PKK 'barış süreci'ne ilişkin şartlarını açıkladı

PKK Yürütme Komitesi Üyesi Murat Karayılan örgüte yakın bir TV kanalında değerlendirmelerde bulundu.

Türkiye’nin Rojava, Şengal ve Kürdistan Bölgesi’nde saldırılar düzenlediğini dile getiren Karayılan “Bunu hangi gerekçe ile yapıyor? AB, ABD’nin PKK’yi ‘terör listesi’ne koymasını gerekçe yapıyor. 'Listelerinde var, benim yaptıklarım meşru' diyor. Buna dayanıyor, onlar da destekliyor. Bu destektir. Eğer destek vermeseler her gün halkı nasıl bombalayabilirlerdi?” dedi.

Saldırılarda ABD ve AB’nin siyasetinin de payı olduğunu ileri süren PKK yöneticisi “Saldırıların sorumlusu bu güçlerdir. Bu yüzden bu güçler siyasetlerini değiştirmeliler. Artık yeter. Komployu artık sonlandırın. Halkımızın beklentisi de budur” ifadelerini kullandı.

"Barış mesajı gönderenler, önce terör listesini kaldırsınlar"

Kendilerine “barış mesajları” geldiğini belirten Karayılan sözlerini şöyle sürdürdü:

“Arada bize bazı mesajlar gönderiyorlar. 'Biz barış istiyoruz, siz de açıklamalarınızda barış istediğinizi söyleyin, savunmanızı yaptığınızı belirtin' diyorlar. Biz de savunma yapıyoruz, biz zaten barış istiyoruz. Barış isteğinde samimi olan varsa önce bu ‘terör listesi’ni ortadan kaldırsınlar.”

Yeni bir "Barış Süreci" için Öcalan’ın serbest kalması gerektiğini ifade eden Karayılan “Önder Apo'nun fiziki özgürlüğü temelinde bu sorun çözülebilir, Kürdistan ve Ortadoğu’da tam anlamıyla barış gelişebilir. Eğer bugün savaş hala devam ediyorsa bu komplocu güçlerin siyasetinden kaynaklıdır. Türk devletinin siyasetine destek veriyorlar ve bu yüzden Türk devleti her türlü silahı kullanıyor. Hiçbir sonuç alamıyorlar ama yasaklı silahları kullanmaktan vazgeçmiyorlar çünkü arkalarında uluslararası güçler var”  dedi.

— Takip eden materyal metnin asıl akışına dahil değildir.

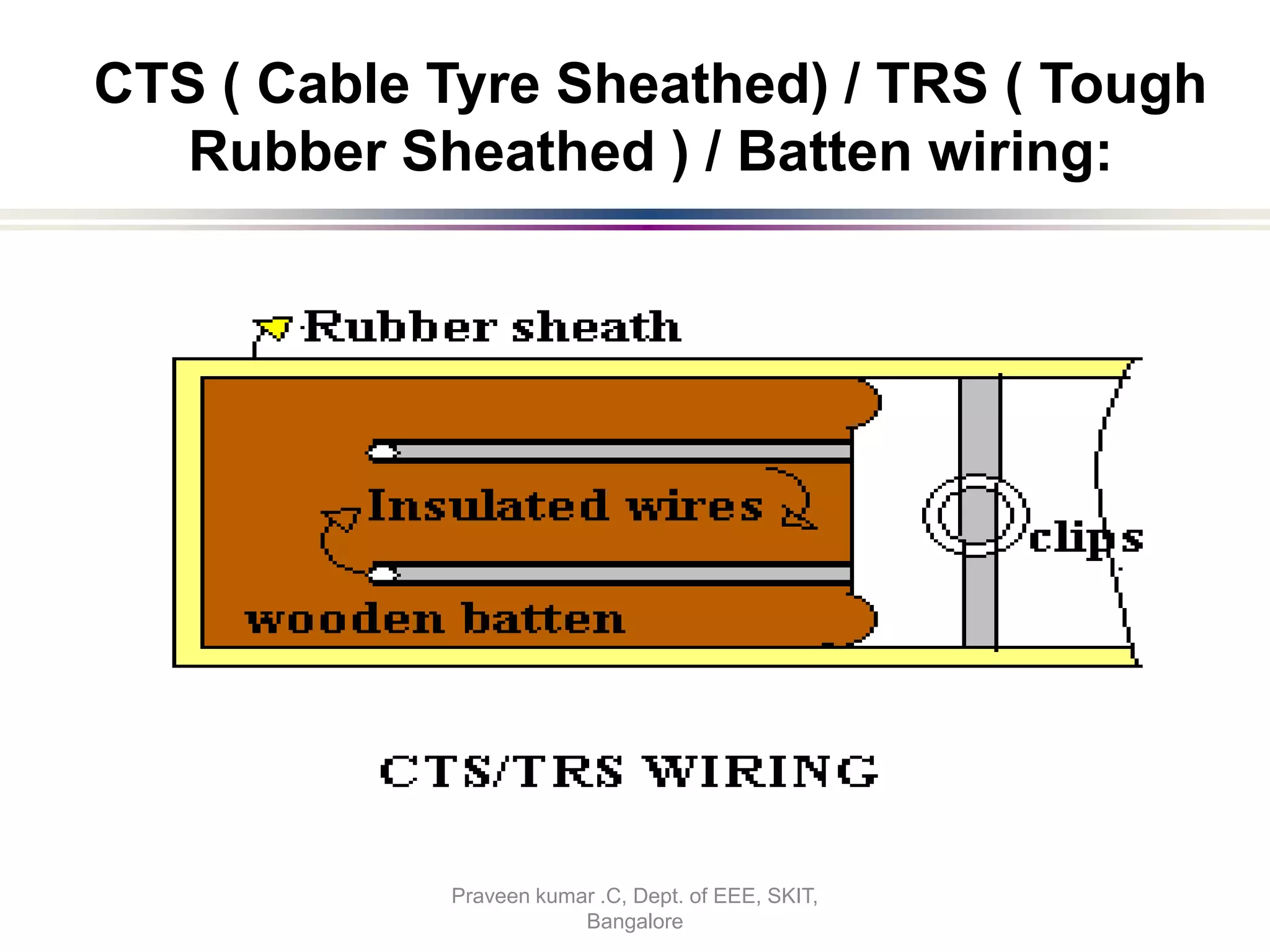 Domestic wiring _ praveen | PDF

"Umarım Rusya Kürt Özgürlük Hareketi’ne karşı bir tavır almaz"

Rusya’nın girişimiyle Ankara ve Şam arasındaki normalleşme adımlarına da değinen Karayılan bu konuda ise şunları söyledi:

“Umarım Rusya Kürt Özgürlük Hareketi’ne karşı bir tavır almaz. Fakat herkes çıkarlarını esas alıyor. Bu da bugünkü siyasetin bir gerçekliği. Fakat Suriye’yi bu hale getiren de Erdoğan’ın siyasetidir. Suriye’yi yıktı, Suriye’deki bütün çeteleri etrafına topladı ve bu şekilde Kürt siyasetini yenilgiye uğratmak istedi. Daha sonra, “Gidip Şam’da namaz kılacağım” dedi. Suriye halklarının düşmanıdır Erdoğan.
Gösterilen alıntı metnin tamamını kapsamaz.